Batch Transcript Guide
Best practices for fetching transcripts at scale — concurrency tuning, caching, partial failures, and memory
When to use batch transcript
| Scenario | Use transcribeVideo() | Use transcribePlaylist() |
|---|---|---|
| 1–3 videos | Yes | No |
| Full playlist (any size) | Manual loop | Yes |
| Playlist with range (e.g. 10–30) | Manual loop | Yes (with from/to) |
| Need progress tracking | Manual | Yes (built-in) |
Concurrency tuning
The concurrency option controls how many transcripts are fetched in parallel. The default is 3.
Low concurrency (1–2)
Use when:
- Running on a server with limited bandwidth
- YouTube is rate-limiting your IP frequently
- You need strict sequential processing
const result = await transcribePlaylist(playlistId, {
apiKey,
concurrency: 1,
})Default concurrency (3)
Good for most use cases. Balances speed with YouTube's tolerance for parallel requests.
High concurrency (5–10)
Use when:
- Fetching large playlists (100+ videos)
- Running behind a proxy with IP rotation
- Caching is enabled (most requests won't hit YouTube)
const result = await transcribePlaylist(playlistId, {
apiKey,
concurrency: 8,
cache: new InMemoryCache(),
retries: 2,
})Concurrency and failures
Higher concurrency means more simultaneous connections to YouTube. If failures increase when you raise concurrency, that's a sign of rate limiting. Either lower the value or add retries.
Combining with cache
Batch transcript benefits massively from caching. On the first run, all transcripts are fetched from YouTube. On subsequent runs with the same cache instance, only new or expired entries hit the network.
import { transcribePlaylist, InMemoryCache } from 'lyra-sdk/transcript'
const cache = new InMemoryCache()
// First run — fetches everything (N * 3 HTTP requests)
const result1 = await transcribePlaylist(playlistId, {
apiKey,
cache,
})
// Second run — all transcripts from cache (0 HTTP requests for transcripts)
const result2 = await transcribePlaylist(playlistId, {
apiKey,
cache,
})The cache stores individual video transcripts, not the entire playlist result. Adding or removing videos from the playlist only affects cache misses for the changed videos.

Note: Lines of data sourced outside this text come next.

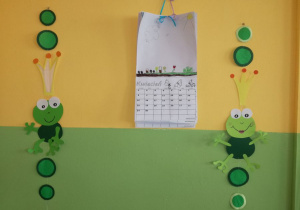 kalendarz wykonany przez dzieci i żabia para królewska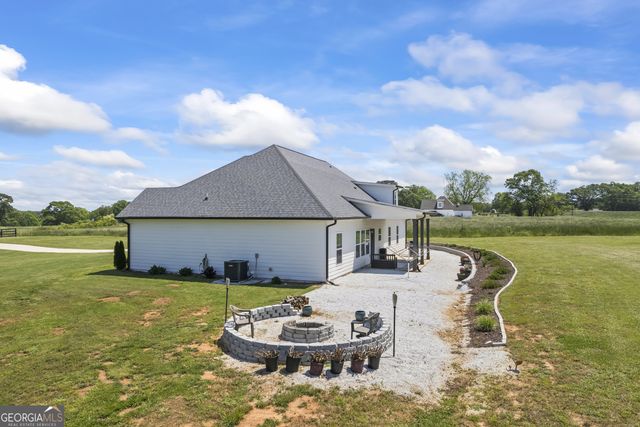 209 Unawatti Road, Canon, GA 30520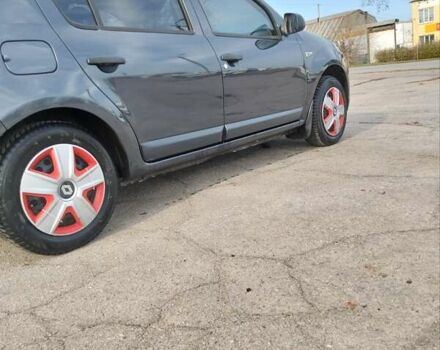 Серый Рено Сандеро, объемом двигателя 1.4 л и пробегом 190 тыс. км за 4600 $, фото 2 на Automoto.ua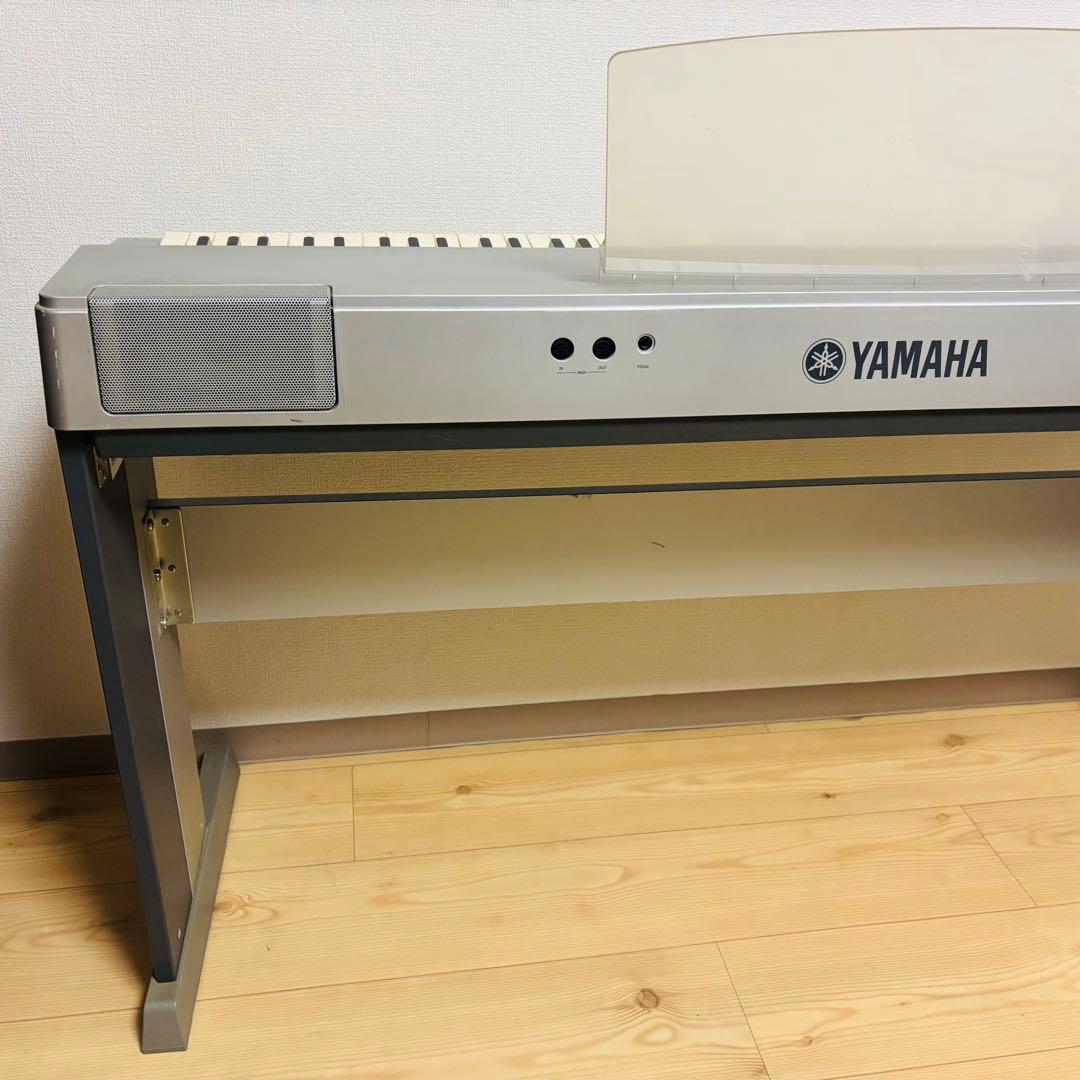 YAMAHA ヤマハ　電子ピアノ　88鍵　ペダル付き　譜面立て付き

FsCache for persistent caching
For CLI tools or long-running services, use FsCache to persist across restarts:
import { FsCache } from 'lyra-sdk/transcript'
const cache = new FsCache('./transcript-cache', 86400000) // 24-hour TTLHandling partial failures
In any playlist, some videos will fail to transcribe. Common reasons:
| Reason | Error message |
|---|---|
| Video is private | Video unavailable |
| Video is deleted | Video unavailable |
| Captions disabled | Transcripts are disabled for this video |
| No captions available | Could not find a transcript |
| Language not available | Language "de" is not available |
| Rate limited | You are receiving rate limit errors |
Pattern: retry failed videos
const result = await transcribePlaylist(playlistId, { apiKey, retries: 2 })
if (result.failed > 0) {
const failedIds = result.results
.filter(r => r.status === 'failed')
.map(r => r.videoId)
console.log(`Retrying ${failedIds.length} failed videos...`)
// Retry individually with longer delay
for (const id of failedIds) {
try {
const lines = await transcribeVideo(id, { retries: 3, retryDelay: 2000 })
console.log(` ✓ ${id}`)
} catch {
console.log(` ✗ ${id} — still failing`)
}
}
}Pattern: log and continue
const result = await transcribePlaylist(playlistId, {
apiKey,
onProgress(done, total, videoId, status) {
if (status === 'failed') {
// Log to your error tracking service
captureFailedTranscript(videoId, playlistId)
}
},
})Memory considerations
Each TranscriptLine is a small object (~100 bytes). A typical 10-minute video produces 50–150 lines. For a 1000-video playlist:
- Lines data: ~1000 × 100 lines × 100 bytes ≈ 10 MB
- Video titles + metadata: ~100 KB
- Total result object: ~10 MB
This fits comfortably in memory for playlists up to several thousand videos. For very large playlists (10,000+), process in ranges:
const BATCH_SIZE = 500
const info = await client.playlistInfo(playlistId)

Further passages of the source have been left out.